- Researchers following 30,000 Type 2 diabetic patients for a decade were able to use an analytics model to predict the risk of developing dementia while suffering from the endocrine disease, according to a new study published in The Lancet Diabetes & Endocrinology journal. While researchers have known that diabetic patients are twice as likely to develop dementia as their healthier peers, a new analytical model has been able to identify specific risk factors and develop a predictive score to track higher risk patients.
The 20-point risk score is the first to be developed specifically for diabetic patients, and is based on each patient’s personal history. Microvascular disease, diabetic foot problems, cardiovascular disease, age, depression, acute metabolic events, and other health factors each contribute a point to the score. For patients with a score between 12 and 19, the risk of developing dementia was 73.3 percent.

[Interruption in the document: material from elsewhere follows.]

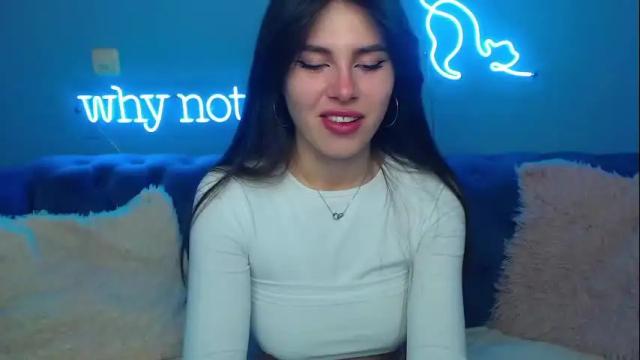 Image 7 of viollinalv Stream on Chaturbate on 25 days ago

“[The risk score] puts these patients on the radar of clinicians to know they are at high risk,” said Rachel Whitmer, a Kaiser Permanente researcher and the lead author on the study. “The clinician could be especially attentive to looking out for memory or cognitive problems. If you are elderly and have Type 2 diabetes, that’s all the more reason to have appropriate glycemic control.”
An unrelated study recently found that using the same type of predictive analytics can identify Type 2 diabetes earlier than unaided physicians, potentially helping patients receive earlier treatment and prevent future complications like dementia, which are expensive and debilitating. The algorithm was able to catch 25% of diabetes cases that may otherwise have been missed, and might be instrumental in reducing the delay between onset and diagnosis that can currently be as long as seven years.
Identifying risks before they develop using algorithms and risk scores based on EHR data is an emerging area of research intended to cut unnecessary healthcare costs and improve accountable care initiatives that keep patients healthier for longer. Researchers are starting to focus heavily on preventing costly hospital readmissions, and risk scores based on analytics provide a concrete way to gauge the likelihood of negative complications.
“If we can predict future risk, we then know who to focus on, who to follow more, who to spend time with making sure they are taking care of themselves in terms of their type 2 diabetes,” Whitmer said. “I think it’s important for this population to know that this disease can affect their brain and can greatly affect the quality of their life.”